» **Your task**
All lines from the one bearing "Portrait funny moments" through the end of the data below must be printed exactly as they stand, with pictures removed.
┌─ Supplied material
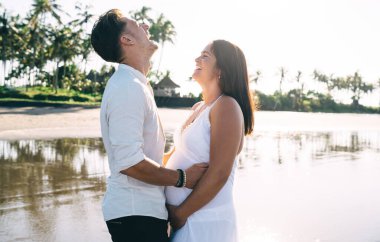 İyimser genç çift, güneşli bir günde kumsalda birlikte vakit geçirirken birbirlerine gülüp sarılıyorlar.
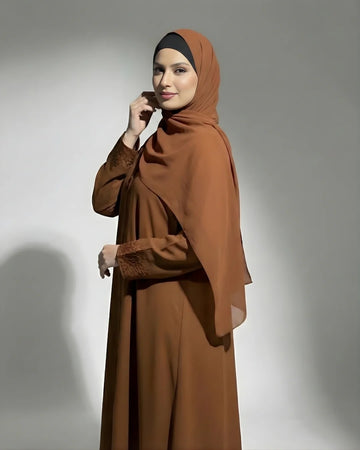 a girl wearing NIDA fabric premium quality abaya with matching hijab standing in a park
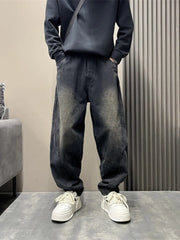 Men's oversized washed black tapered jeans with a baggy fit.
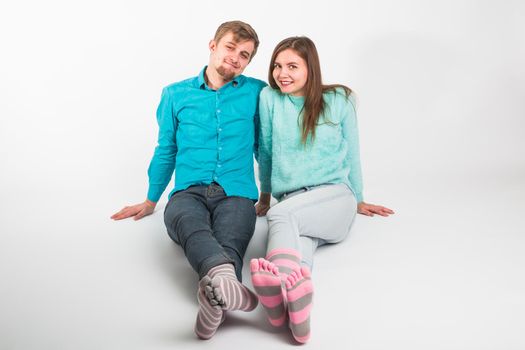 Portrait funny moments of excited couple fooling around to camera on white background. Having fun, weekends and valentines day concept.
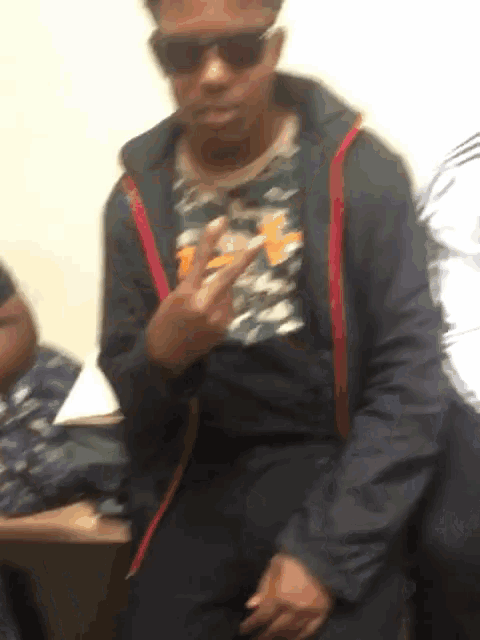a man wearing sunglasses and a black jacket is giving a middle finger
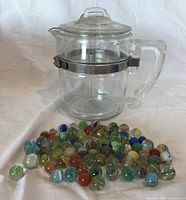 Percolator assembled with lid on, marbles in foreground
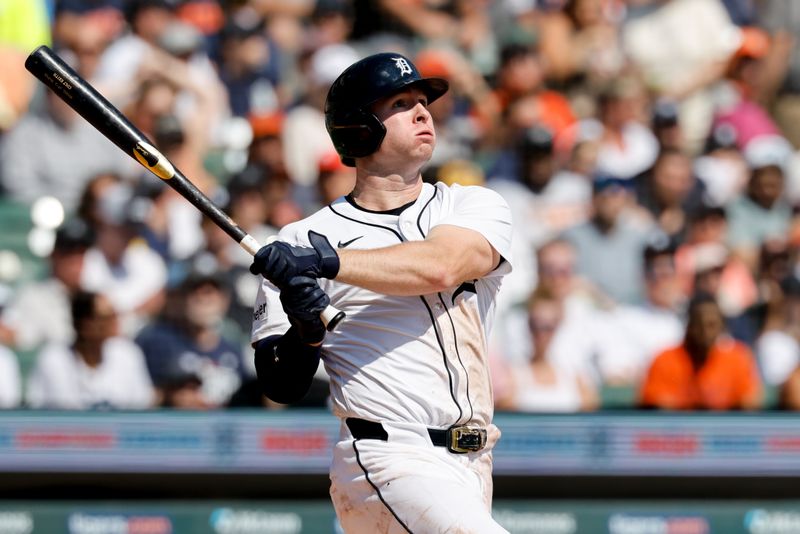 Sep 18, 2025; Detroit, Michigan, USA;  Detroit Tigers second base Colt Keith (33) hits an RBI double in the second inning against the Cleveland Guardians at Comerica Park. Mandatory Credit: Rick Osentoski-Imagn Images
└─
» **The answer**
 Portrait funny moments of excited couple fooling around to camera on white background. Having fun, weekends and valentines day concept.
a man wearing sunglasses and a black jacket is giving a middle finger
 Percolator assembled with lid on, marbles in foreground
 Sep 18, 2025; Detroit, Michigan, USA;  Detroit Tigers second base Colt Keith (33) hits an RBI double in the second inning against the Cleveland Guardians at Comerica Park. Mandatory Credit: Rick Osentoski-Imagn Images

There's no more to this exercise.